Croatia 0 - 1 PortugalPortugal’s Ricardo Quaresma steals last-gasp victory over Croatia
Away team scorersRicardo Quaresma 117
Come back group stage, all is forgiven. Portugal advanced to a quarter-final against Poland thanks to Ricardo Quaresma’s decisive goal three minutes from the end of extra time but, unbelievably, it had taken that long to produce an attempt on target.
This was a shocking match, barely redeemed by a frantic last few minutes. Croatia were easily the better side but they were punished for playing too cagey a game and not making the most of their superiority. Cristiano Ronaldo was quiet throughout, like everyone else, yet his contribution was still significant.
When Nani found him in the area after almost two hours of sterile, boring football, he became the first player all night to test a goalkeeper. It is possible that Rui Patrício touched Ivan Perisic’s header on to a post seconds before Portugal swept upfield to score, but according to Uefa’s statistics Croatia had zero attempts on target. Ronaldo definitely had one, and made it count. Danijel Subasic stopped his shot but could not hold it and Quaresma was left with a simple follow-up. Portugal looked a spent force for much of the game. Croatia must be kicking themselves, but have no one else to blame.

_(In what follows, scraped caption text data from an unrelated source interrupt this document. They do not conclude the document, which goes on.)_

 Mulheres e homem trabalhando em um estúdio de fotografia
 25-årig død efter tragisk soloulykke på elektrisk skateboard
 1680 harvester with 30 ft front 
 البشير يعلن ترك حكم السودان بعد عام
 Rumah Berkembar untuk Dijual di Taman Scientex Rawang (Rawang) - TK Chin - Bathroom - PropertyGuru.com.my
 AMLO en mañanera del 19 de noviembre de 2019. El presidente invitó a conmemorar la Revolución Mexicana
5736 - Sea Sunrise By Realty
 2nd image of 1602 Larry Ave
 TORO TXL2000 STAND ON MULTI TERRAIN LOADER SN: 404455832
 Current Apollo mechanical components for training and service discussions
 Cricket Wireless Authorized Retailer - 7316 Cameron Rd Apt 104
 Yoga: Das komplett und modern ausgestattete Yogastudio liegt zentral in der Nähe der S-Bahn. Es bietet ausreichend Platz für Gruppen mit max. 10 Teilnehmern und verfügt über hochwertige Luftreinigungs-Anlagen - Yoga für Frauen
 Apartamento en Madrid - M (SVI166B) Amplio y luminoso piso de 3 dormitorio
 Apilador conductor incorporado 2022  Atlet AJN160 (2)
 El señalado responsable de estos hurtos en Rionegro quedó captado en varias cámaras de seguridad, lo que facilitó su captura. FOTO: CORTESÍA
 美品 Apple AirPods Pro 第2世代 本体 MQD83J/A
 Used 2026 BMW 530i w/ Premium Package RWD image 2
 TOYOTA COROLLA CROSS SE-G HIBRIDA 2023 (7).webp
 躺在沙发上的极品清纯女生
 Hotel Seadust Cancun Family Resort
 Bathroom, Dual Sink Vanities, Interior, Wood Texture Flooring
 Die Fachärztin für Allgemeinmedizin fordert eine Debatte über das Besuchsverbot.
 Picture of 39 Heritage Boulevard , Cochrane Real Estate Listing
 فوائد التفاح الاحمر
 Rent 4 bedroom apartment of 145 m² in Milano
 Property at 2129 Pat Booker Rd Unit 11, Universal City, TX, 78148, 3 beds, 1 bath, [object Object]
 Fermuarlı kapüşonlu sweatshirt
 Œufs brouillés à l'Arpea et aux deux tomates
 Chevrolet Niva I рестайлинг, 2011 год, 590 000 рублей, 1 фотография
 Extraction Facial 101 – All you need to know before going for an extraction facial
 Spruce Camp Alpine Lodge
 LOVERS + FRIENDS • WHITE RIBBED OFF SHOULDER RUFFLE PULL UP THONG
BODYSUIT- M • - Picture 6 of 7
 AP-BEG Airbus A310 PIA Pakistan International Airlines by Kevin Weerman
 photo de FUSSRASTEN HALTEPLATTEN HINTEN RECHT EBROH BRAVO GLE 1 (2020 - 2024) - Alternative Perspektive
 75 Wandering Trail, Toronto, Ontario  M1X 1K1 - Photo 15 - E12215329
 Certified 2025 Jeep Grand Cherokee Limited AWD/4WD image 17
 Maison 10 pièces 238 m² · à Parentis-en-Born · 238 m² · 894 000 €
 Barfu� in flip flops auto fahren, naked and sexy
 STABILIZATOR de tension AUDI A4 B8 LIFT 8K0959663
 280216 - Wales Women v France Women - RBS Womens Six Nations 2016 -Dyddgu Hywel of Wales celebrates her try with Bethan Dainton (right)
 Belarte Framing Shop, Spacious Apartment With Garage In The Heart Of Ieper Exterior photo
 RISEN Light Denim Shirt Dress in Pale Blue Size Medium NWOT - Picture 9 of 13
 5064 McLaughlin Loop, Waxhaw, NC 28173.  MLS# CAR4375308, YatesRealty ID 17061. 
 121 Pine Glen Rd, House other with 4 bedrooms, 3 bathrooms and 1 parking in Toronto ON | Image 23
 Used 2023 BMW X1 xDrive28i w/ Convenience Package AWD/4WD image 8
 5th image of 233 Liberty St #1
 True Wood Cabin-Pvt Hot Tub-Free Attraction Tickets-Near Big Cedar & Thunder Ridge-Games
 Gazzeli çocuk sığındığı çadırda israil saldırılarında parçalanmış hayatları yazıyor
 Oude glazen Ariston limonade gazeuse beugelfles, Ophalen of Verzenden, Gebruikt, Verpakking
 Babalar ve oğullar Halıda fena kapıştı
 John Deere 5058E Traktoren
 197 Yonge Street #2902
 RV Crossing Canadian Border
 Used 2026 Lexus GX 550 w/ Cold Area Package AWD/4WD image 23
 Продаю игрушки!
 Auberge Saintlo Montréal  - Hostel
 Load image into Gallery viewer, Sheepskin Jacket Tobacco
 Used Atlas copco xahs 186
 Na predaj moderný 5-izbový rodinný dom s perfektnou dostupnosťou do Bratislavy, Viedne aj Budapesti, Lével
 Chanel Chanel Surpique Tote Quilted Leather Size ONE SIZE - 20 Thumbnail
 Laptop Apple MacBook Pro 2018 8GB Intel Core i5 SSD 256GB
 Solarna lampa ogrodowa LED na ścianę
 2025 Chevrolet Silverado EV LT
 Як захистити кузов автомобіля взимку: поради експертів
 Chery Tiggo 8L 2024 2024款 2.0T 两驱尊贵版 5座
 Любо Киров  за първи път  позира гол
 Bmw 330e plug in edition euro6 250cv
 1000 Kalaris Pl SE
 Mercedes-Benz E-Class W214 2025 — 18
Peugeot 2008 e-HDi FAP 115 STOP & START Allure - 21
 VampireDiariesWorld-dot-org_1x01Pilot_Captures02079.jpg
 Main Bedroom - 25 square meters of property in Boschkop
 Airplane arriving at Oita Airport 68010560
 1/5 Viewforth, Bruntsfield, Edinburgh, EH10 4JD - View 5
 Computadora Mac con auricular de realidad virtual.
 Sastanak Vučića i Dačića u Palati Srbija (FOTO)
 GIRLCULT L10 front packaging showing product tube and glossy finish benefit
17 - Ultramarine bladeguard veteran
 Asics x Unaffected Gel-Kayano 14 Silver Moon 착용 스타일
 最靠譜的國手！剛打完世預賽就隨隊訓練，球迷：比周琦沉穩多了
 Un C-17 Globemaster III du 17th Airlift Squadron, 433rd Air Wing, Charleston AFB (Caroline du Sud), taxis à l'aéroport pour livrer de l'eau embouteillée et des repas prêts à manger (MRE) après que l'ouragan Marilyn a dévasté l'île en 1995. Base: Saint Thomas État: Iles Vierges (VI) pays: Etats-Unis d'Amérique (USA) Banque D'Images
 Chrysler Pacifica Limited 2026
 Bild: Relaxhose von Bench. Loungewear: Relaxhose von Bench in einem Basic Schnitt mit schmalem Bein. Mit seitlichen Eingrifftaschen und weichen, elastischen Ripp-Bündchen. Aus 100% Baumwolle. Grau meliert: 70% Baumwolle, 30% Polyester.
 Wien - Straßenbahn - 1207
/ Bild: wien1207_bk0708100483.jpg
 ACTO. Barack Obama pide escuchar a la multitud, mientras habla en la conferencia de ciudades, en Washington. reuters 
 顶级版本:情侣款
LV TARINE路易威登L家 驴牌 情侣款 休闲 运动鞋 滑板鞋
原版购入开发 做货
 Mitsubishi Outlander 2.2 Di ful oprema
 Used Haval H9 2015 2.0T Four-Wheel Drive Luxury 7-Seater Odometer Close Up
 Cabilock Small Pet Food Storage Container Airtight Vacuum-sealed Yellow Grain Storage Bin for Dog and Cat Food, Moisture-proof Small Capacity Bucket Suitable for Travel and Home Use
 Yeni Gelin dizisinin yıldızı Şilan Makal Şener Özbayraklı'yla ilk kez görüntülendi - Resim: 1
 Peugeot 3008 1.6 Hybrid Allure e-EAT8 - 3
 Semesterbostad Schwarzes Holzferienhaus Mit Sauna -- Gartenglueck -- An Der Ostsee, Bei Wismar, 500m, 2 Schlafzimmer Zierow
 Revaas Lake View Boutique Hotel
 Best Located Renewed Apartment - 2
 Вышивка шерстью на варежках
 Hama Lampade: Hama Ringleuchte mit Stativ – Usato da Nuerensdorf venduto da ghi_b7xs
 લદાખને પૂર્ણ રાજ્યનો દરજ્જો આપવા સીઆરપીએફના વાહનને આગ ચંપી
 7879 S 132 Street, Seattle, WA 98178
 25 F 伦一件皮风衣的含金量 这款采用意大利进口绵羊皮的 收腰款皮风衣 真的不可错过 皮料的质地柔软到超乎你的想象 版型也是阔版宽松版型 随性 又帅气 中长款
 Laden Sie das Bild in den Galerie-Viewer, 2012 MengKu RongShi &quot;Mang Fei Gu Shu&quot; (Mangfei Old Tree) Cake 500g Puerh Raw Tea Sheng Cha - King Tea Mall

“We dominated the game but we didn’t score,” the Croatian coach, Ante Cacic, said. “So the best team lost. It happens in football.” His opposite number, Fernando Santos, thought it was a very tactical match. He did not say stalemate but that could be what he meant. “Croatia played the best football in the group stages but we wouldn’t let them play their counterattacking game,” he said. “It was hard for us too but today we were the lucky ones.”
The game was billed in some quarters as a showdown between the Real Madrid stars Ronaldo and Luka Modric, and it was quickly obvious that the latter would be seeing more of the ball. Modric pulled the strings for Croatia, anchoring himself near the centre circle and operating as the team’s fulcrum, and so neat was his side’s passing game that Portugal spent the first few minutes searching for possession, with Ronaldo a distant figure upfield.
Not much came of Croatia’s initial supremacy, however, whereas what little Ronaldo saw of the ball he was able to put to effective use. When he showed enough of the ball to Perisic to win a free-kick midway through the first half, Pepe headed over the bar from João Mário’s cross in what counted, disappointingly, as the game’s first attempt on goal. The second came shortly afterwards at the other end, when Nani gave the ball away in midfield and Perisic found space on the right but could only shoot into the side netting.
The rest of the first half was uneventful and frankly quite dull. The best Croatia could do was send over free-kicks and corners in the general hope of finding Mario Mandzukic, only to succeed in picking out less accomplished finishers who missed the target every time. Portugal’s plan was even more basic: to look for Ronaldo every time they crossed the halfway line, something the Croatian defence had little problem in spotting and snuffing out.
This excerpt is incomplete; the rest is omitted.